The evidence given shows that Mr Salmond met with Murdoch on six different occasions since October 2007, until their most recent documented meeting on the 29th February this year. In addition to this, they had four confirmed telephone calls, with three more possible conversations, which have not been confirmed.

At First Minister's Questions in the Scottish Parliament on Thursday 26th April, Mr Salmond claimed he was prepared to lobby for BSkyB in order to save over 6000 jobs which BSkyB has in Scotland, and the First Minister said he had concerns over the potential loss of these jobs.
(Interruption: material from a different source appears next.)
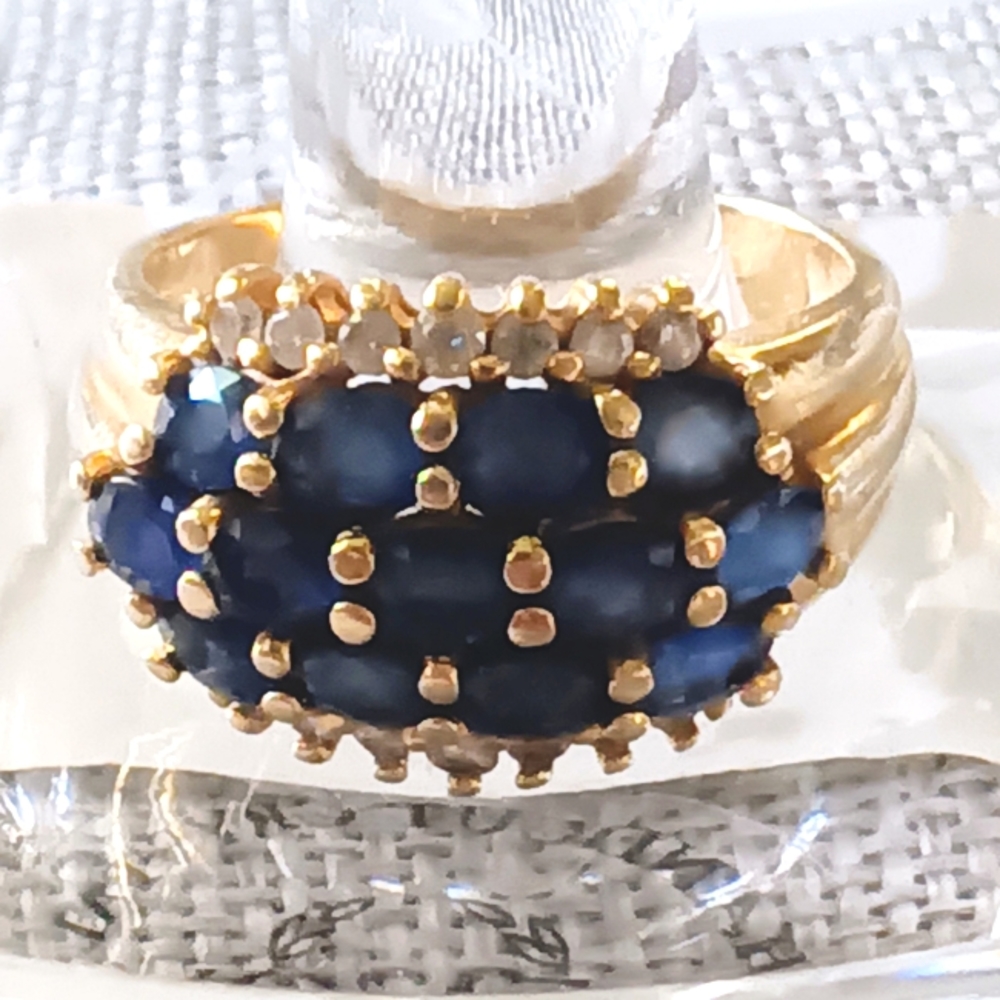 14K Signed BH Effy Navy Natural Sapphire and Diamond Ring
He claimed that: "One of the issues that was being discussed last year was that BSkyB were moving from nine contractors to two contractors, and that carried with it the risk of major job losses in Scotland, unless Scotland won the contracts."

Opposition Scottish Labour Leader Johann Lamont, rounded on the First Minister saying, "Some say the First Minister has been devious, conniving, double dealing - isn't he just trying to cover up the fact a rich man has played him for a fool again?”

It has also been suggested by News Corporation, who told the Levenson Inquiry that a meeting between Murdoch and Mr Salmond took place during New York City's 'Tarta Week' last year, and that this had not been disclosed by the Scottish Government.

So, the question is: can the First Minister survive these allegations, and what damage will it do to his reputation?

Undoubtedly, the First Minister will survive the allegations. So far, the UK press has only picked at the story in a minor sense, having jumped on Jeremy Hunt's alleged actions with BSkyB instead. The Scottish press and politicians have sought to gain political advantage from this, as they have the right to do so. Alex Salmond is percieved, on the whole, in Scotland as the closest thing Scotland has to a statesman, or even a Presidential figure. He is seen my most ordinary Scots as a charismatic and intelligent man who is putting Scotland's case to the rest of the world, and is prepared to talk up Scotland's ability to 'go it alone' which tends to play much better than Scottish Labour's 'we'd couldn't cope without England' approach.

He may temporarily be negatively portrayed in the media, but the First Minister will find a way of coming out relatively unscathed, unlike the UK Culture Secretary who may find himself out of the cabinet within a week or two should the unrelenting public and media pressure continue.

Mr Salmond should see a small slump in the polls, but I doubt that anything significant will happen, as opposition leaders in the Scottish Parliament are yet to find a way of attracting massive amounts of public attention in the wake of the SNP's victory at last year's elections, and they will struggle to make the most political gain out of this situation.